If your draft slot places you in position to draft DeAndre Hopkins at or around his 31.8 MyFantasyLeague.com money league ADP, you are better off selecting alternatives such as Brandin Cooks and/or Jordan Matthews. Both Cooks and Matthews are ascending young receivers on high pass volume offenses with friendly schedules while Hopkins has likely been banished to wide receiver purgatory playing on a low volume offense against mostly quality defenses. Cooks and Matthews also possess upper-percentile athleticism and their quarterbacks, Drew Brees and Sam Bradford respectively, are generally more accurate passers than Brian Hoyer.
If you are not comfortable with any receivers in the DeAndre Hopkins ADP range, waiting on the receiver position yields options like Allen Robinson, Brian Quick, and Devin Funchess. While all of them face flaws beyond their control (bad offense and/or bad quarterbacks), they are bigger and more athletic than Hopkins and are also available multiple rounds later making the risk associated with their low volume offenses and scattershot QB play more palatable.

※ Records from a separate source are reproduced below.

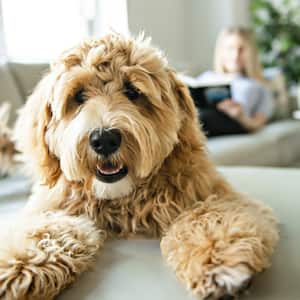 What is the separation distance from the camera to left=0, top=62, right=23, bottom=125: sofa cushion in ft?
8.36

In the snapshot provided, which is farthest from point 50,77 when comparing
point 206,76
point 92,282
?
point 206,76

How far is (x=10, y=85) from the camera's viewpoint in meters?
2.63

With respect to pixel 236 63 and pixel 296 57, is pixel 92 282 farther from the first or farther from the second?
pixel 296 57

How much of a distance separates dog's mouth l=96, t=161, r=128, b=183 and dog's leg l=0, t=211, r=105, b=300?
127 millimetres

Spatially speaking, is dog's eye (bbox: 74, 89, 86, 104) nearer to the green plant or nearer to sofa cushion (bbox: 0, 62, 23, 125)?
sofa cushion (bbox: 0, 62, 23, 125)

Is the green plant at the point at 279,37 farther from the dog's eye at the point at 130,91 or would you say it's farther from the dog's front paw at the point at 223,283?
the dog's front paw at the point at 223,283

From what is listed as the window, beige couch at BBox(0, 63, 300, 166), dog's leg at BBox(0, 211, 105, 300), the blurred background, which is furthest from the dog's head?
the window

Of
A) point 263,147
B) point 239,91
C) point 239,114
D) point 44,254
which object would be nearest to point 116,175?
point 44,254

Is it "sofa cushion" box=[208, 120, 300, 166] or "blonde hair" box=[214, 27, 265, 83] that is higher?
"blonde hair" box=[214, 27, 265, 83]

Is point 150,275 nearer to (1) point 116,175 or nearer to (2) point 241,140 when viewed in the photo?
(1) point 116,175

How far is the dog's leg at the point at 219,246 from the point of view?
877mm

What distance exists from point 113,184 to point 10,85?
65.2 inches

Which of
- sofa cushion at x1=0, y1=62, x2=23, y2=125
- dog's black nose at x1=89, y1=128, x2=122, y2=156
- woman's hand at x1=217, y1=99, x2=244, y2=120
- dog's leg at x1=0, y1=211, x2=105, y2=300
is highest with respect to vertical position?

While DeAndre Hopkins gets his opportunity to be the Houston Texans leading receiver this year, he should be regarded closer to Anquan Boldin than Josh Gordon. Boldin is consistently the leading receiver in a run oriented offense, and he is not athletic for an NFL receiver. Even an increase in target share may not guarantee Hopkins’ success in 2015; six of the top 18 receivers by target share failed to finish within the top 18 WR by fantasy production (including Boldin). DeAndre Hopkins has already demonstrated that he does not perform well when he is paired with an incompetent quarterback. Regardless of what he has shown when playing with Ryan Fitzpatrick, Brian Hoyer will likely doom Hopkins in 2015. Brandin Cooks and Jordan Matthews have higher fantasy ceilings, and more athletic No.1 receiver such as Devin Funchess, Allen Robinson, or Brian Quick are available many rounds later.